Lift out, unaltered, the lines of the material below between the line holding "女士100%美利奴羊毛T恤 春季一体式无缝针织衫 休闲穿搭" and the line holding "Mk3 (1H1) Πόρτα", counting both.

Task data.
★ ★ ★ ★ ★

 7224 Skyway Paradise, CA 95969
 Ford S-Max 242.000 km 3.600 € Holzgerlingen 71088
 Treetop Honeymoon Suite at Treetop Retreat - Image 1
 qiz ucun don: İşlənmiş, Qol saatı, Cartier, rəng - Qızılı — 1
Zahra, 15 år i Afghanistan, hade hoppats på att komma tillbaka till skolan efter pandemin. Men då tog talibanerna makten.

★ ★ ★ ★ ★

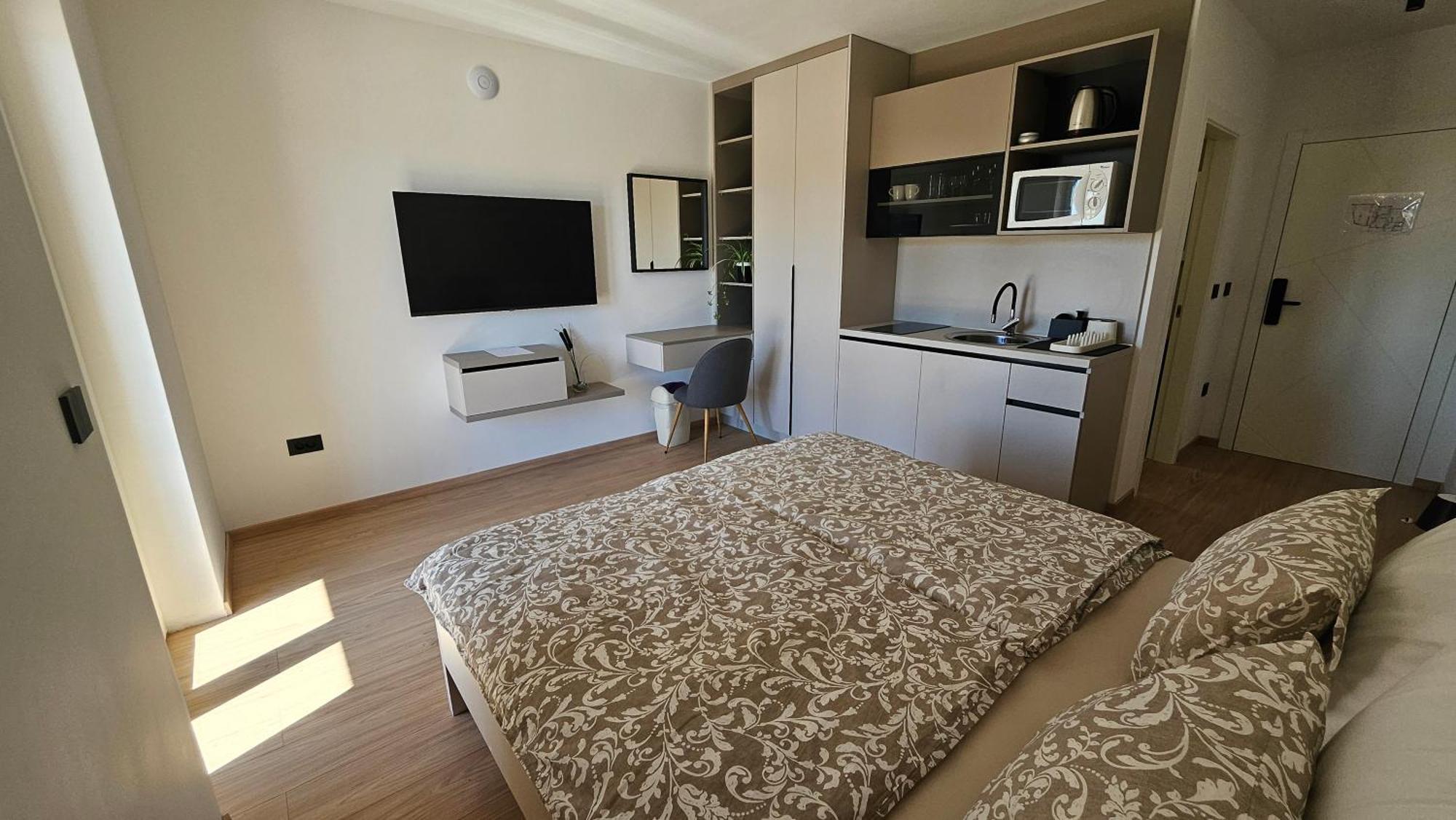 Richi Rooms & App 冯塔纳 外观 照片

★ ★ ★ ★ ★

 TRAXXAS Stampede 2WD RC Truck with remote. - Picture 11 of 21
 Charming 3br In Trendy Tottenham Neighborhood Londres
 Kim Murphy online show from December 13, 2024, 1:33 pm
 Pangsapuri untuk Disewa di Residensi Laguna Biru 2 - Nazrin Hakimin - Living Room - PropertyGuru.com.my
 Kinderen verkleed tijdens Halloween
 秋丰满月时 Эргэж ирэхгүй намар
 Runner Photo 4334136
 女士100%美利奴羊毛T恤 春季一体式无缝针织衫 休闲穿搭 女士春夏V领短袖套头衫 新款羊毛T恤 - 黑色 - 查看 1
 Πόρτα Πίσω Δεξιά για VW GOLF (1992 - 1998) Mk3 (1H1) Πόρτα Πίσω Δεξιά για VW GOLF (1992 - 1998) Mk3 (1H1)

★ ★ ★ ★ ★

Exercise output.
 女士100%美利奴羊毛T恤 春季一体式无缝针织衫 休闲穿搭 女士春夏V领短袖套头衫 新款羊毛T恤 - 黑色 - 查看 1
 Πόρτα Πίσω Δεξιά για VW GOLF (1992 - 1998) Mk3 (1H1) Πόρτα Πίσω Δεξιά για VW GOLF (1992 - 1998) Mk3 (1H1)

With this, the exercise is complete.